Jon: Politicians are salespeople. If you're trying to sell a product, what's more powerful than an appearance on Oprah's show? In the last four months, one book overtook America on Amazon. It's called He's Just Not That into You. When I saw that title, I said, "What the hell is that?" Somebody told me, "The author was on Oprah." So politicians see your show as their chance to display their theatrical humanity, not their real humanity. They come on my show to display their theatrical sense of humor—and to show that they're down with the kids.
Oprah: Kerry didn't accomplish that.
Jon: No, he didn't. Because he was—like I was on Crossfire—tired and in a certain mood.
Oprah: Right.
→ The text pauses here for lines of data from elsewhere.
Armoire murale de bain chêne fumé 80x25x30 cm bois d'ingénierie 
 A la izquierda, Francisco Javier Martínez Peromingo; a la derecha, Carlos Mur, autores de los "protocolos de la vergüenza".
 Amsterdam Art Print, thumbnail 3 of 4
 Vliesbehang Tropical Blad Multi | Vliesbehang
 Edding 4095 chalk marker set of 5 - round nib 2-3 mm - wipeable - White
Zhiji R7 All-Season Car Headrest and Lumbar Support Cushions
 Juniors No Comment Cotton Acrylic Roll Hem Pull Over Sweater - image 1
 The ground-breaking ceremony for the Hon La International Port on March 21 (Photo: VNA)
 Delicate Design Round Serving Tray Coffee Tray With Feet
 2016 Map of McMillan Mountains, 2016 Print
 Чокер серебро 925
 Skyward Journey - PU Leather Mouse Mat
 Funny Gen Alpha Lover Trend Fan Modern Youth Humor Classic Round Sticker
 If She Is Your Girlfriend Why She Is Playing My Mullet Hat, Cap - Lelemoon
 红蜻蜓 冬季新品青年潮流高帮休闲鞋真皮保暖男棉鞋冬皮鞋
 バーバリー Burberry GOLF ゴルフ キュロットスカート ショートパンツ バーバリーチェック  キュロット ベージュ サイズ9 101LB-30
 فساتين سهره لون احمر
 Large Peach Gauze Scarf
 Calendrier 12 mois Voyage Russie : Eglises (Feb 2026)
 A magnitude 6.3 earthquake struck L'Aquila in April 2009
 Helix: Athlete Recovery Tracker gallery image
So you don't think you'll be doing The Daily Show in 20 years?
Jon: I don't want to be. I love my wife, and we want more kids. I'm not going to disappear, but I don't want to work this hard.
Oprah: What kind of daddy do you want to be?
Jon: The kind who stays. The kind who doesn't say to a 9-year-old kid, "This doesn't mean your mother and I don't love you" as he's heading out the door.
Oprah: What's important to you?
Jon: That. I've achieved far more than I ever thought I would. I'm not complacent, but I don't think long-term. I tell myself, "If I get good at this, it'll be fun to do."
Oprah: Can you taste your success?
Tracey: I can taste it.
Jon: For her, it actually tastes like an online catalog. I just don't think it's in my nature to savor things. But I no longer live with a gnarly void, like an angry troll under a bridge.
Oprah: Isn't that what defines a real man?
Jon: That seems genderless to me.
Oprah: It's also what makes a real woman.
Jon: Yes. What I'm proudest of is moving to New York.
Oprah: You left the puppets.
Jon: Yes—and I surprised the crap out of everyone. I might have become a bitter guy at the end of the bar, complaining about how I could've been somebody. But I sold my car and moved up to New York with no job because I wanted something different. I yearned, and I went for it.